Various passages in this Epistle suggest that the Apostle's Philippian friends or some of them were relaxing in diligence; they were failing perhaps to lay to heart the need of progress, less sensitive than they ought to be to the impulse of Christianity as a religion of effort and expectancy. Some of them, it might be, were inclined to think of themselves as now pretty well initiated into the new religion, and as pretty thorough adepts in its teaching and its practice; entitled therefore to sit down and look round with a certain satisfaction and complacency. If it were so, the tendency to division would be accounted for. Arrogance in Christians is a sure preliminary to heats and disputings. At all events, however it might be at Philippi, an insidious complacency in little improvements and small attainments is not unknown among Christians. It is, one may fear, a common impression among us that we are fair average Christians, — a feeling perhaps not so cherished as to make us boast, but yet so cherished as to make us feel content. And, alas! the very meaning of Christianity was to inspire us with a spirit that would refuse so to be contented.
Some feeling of this kind may have led the Apostle to lay stress on the onward energising character of Christianity as he knew it. This was the manner of his regard to his Lord. At the foundation of his religion there was, indeed, the faith of a wonderful gift of righteousness and life. That gift he welcomed and embraced. But it created in him eagerness of desire, and intentness of purpose, to secure and have all that this gift implied. It stirred him to activity and progress. His was not the Christianity of one who counts himself to have already obtained all into possession, nor of one who finds himself landed already in the state at which the Christian promises aim. Rather he is one set in full view of a great result: some experience of the benefits of it is already entering into his history; but it is yet to be brought to pass in its fulness; and that must be along a line of believing endeavour, Christ working and Paul working, Christ faithful with Paul faithful. "I follow after, if that I may lay hold and extend my grasp, seeing Christ has laid hold with His grasp on me." Christ had a purpose, and has mightily inaugurated a process through which this purpose may be achieved in the history of Paul. And as Christ lays His grasp on Paul, behold the purpose of Christ becomes also the purpose of Paul, and he now throws himself into the process with all his force, to apprehend that for the sake of which Christ apprehended him.

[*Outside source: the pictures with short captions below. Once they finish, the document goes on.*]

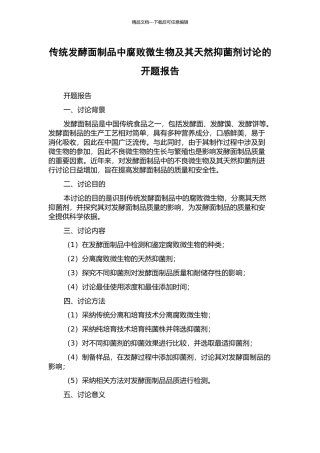 传统发酵面制品中腐败微生物及其天然抑菌剂研究的开题报告
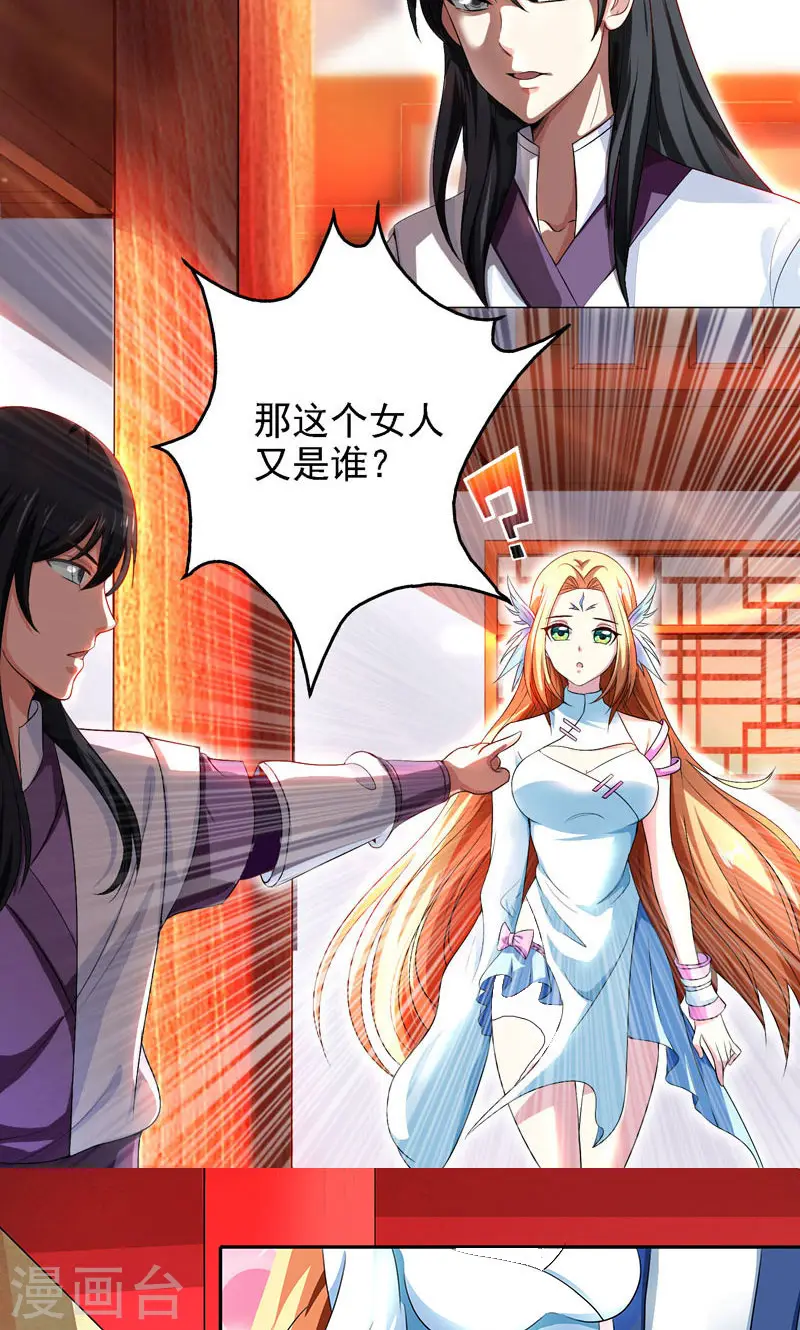 第31话 假戏夫妻7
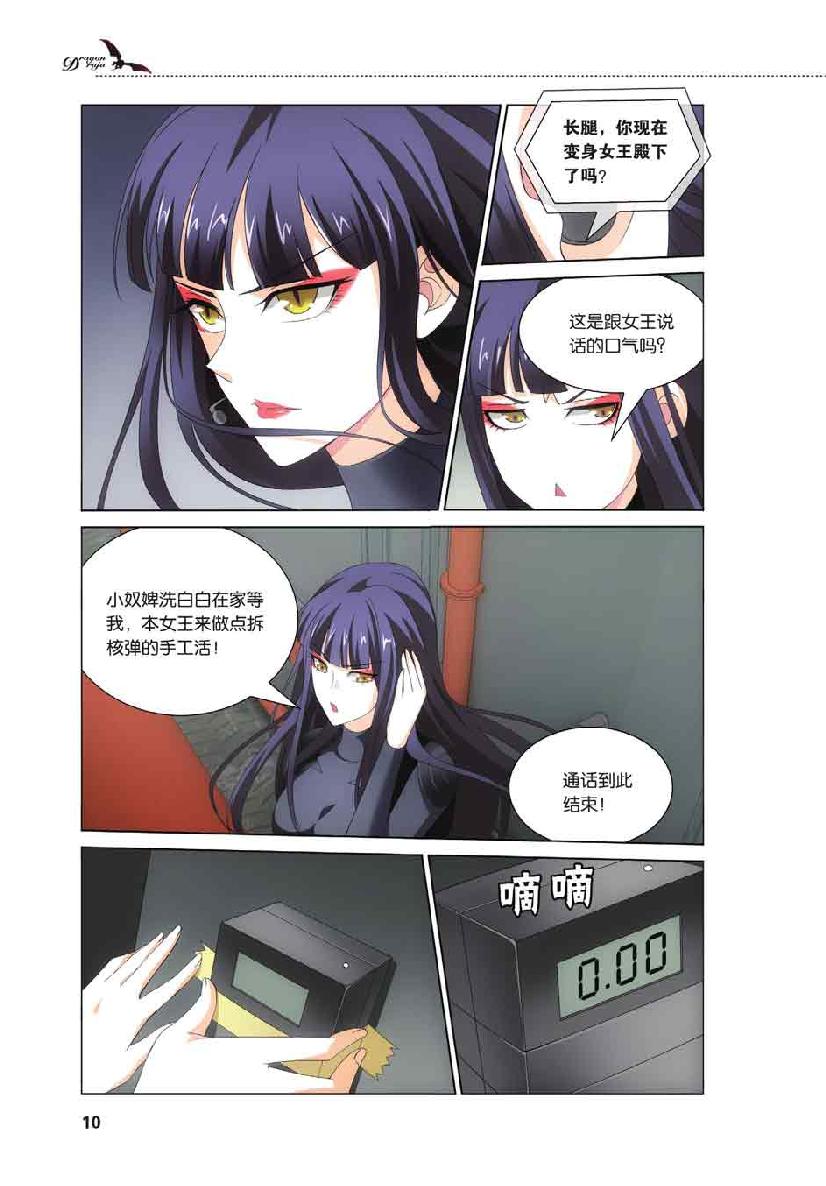 第 1 话 第 11 页
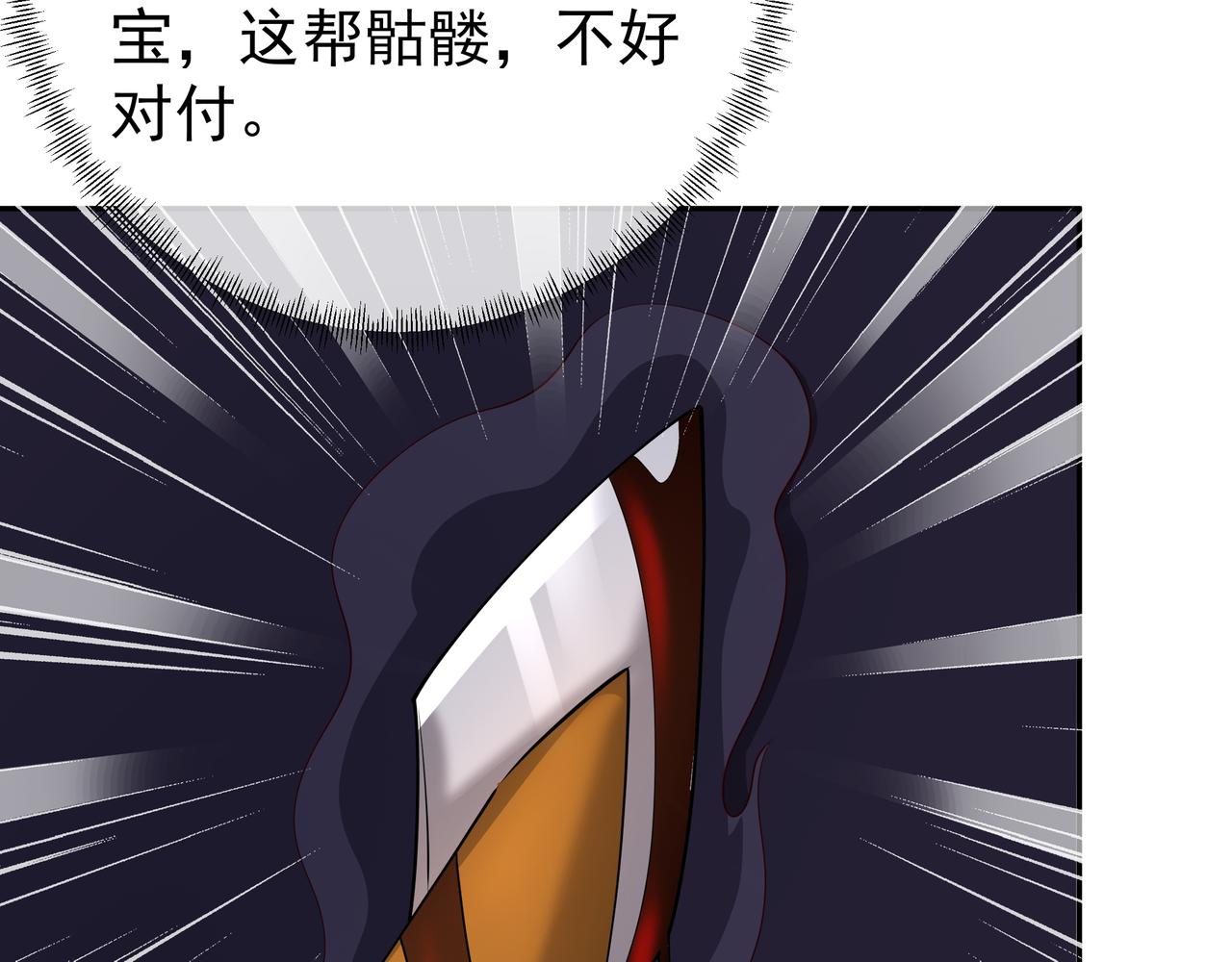 都是经验宝宝13
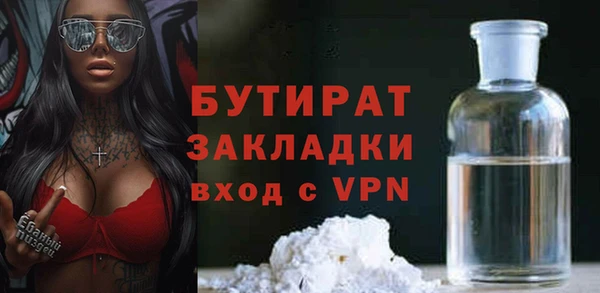 прущий лед Беломорск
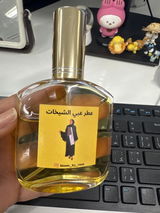 عطر عبي الشيخات 💛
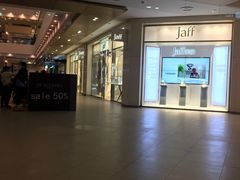 -杉杉奥特莱斯广场(哈尔滨店)
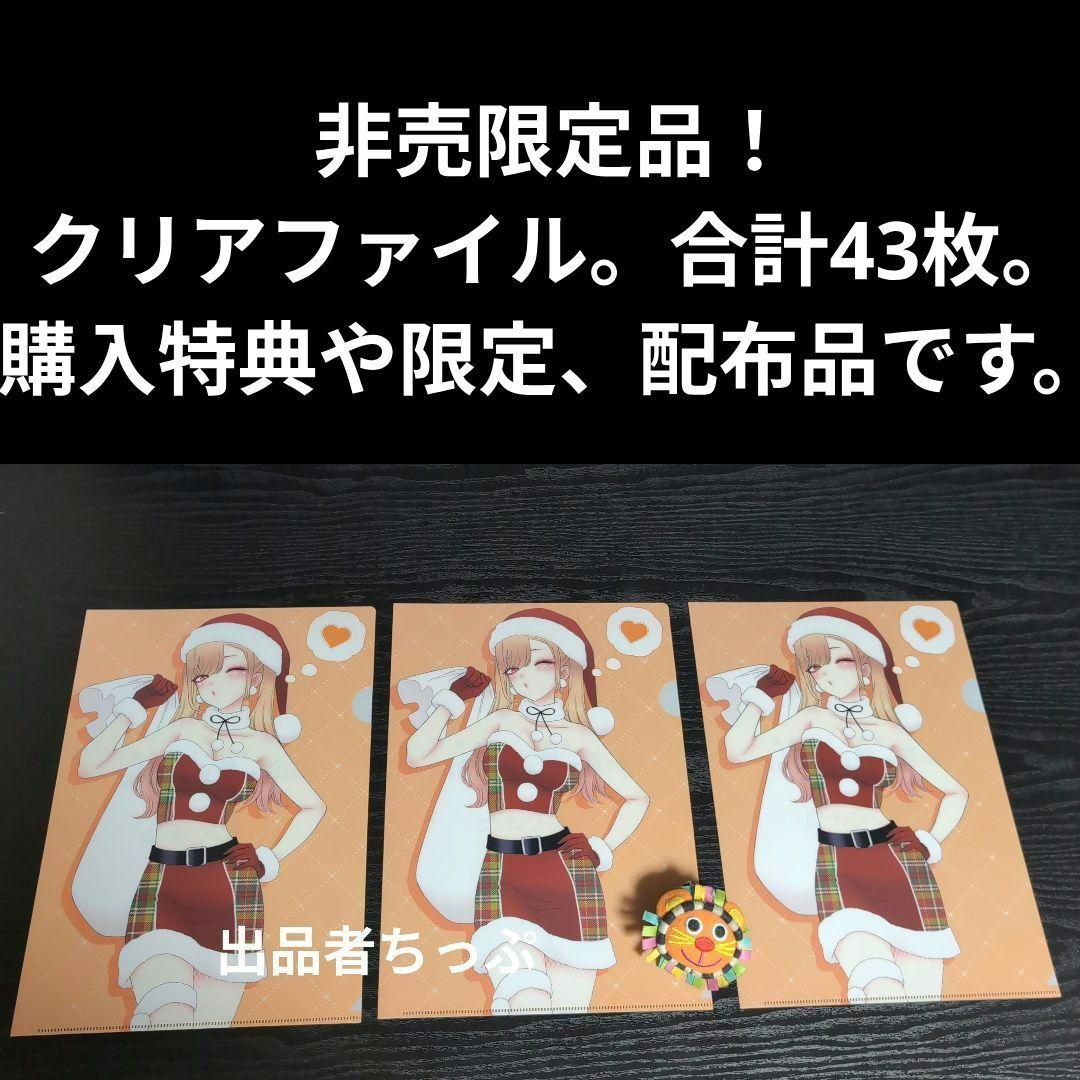 その着せ替え人形は恋をする。購入特典。配布品。限定品。328点セット！！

Here Paul signalised one distinguishing attribute of genuine Christianity as he knew it. He did not yet count himself to have laid complete grasp on the whole of Christian good. In a very important practical sense salvation was still something ahead of him, as to the final, secure, complete possession; Christ Himself was an object still before him, as to the knowledge and the fellowship for which he longed. But one thing is vital and distinctive. "This Saviour with His salvation holds me so, that I count all but loss for Him. He holds me so, that forgetting all that lies behind, I bend myself to the race, stretching out towards the goal at which the prize of the high calling of God in Christ is won. That is my Christianity." He who had suffered loss of all for Christ, he who so burned with desire to know Him in His righteousness, in the power of His resurrection, in the fellowship of His sufferings, is far from thinking he has reached the goal. Because the knowledge of Christ is so great a thing in his eyes, therefore, on the one hand, all he has attained as yet seems partial and imperfect; but for the same reason, on the other hand, he feels the great attraction by which all his powers are drawn into the endeavour which so great a prize shall crown.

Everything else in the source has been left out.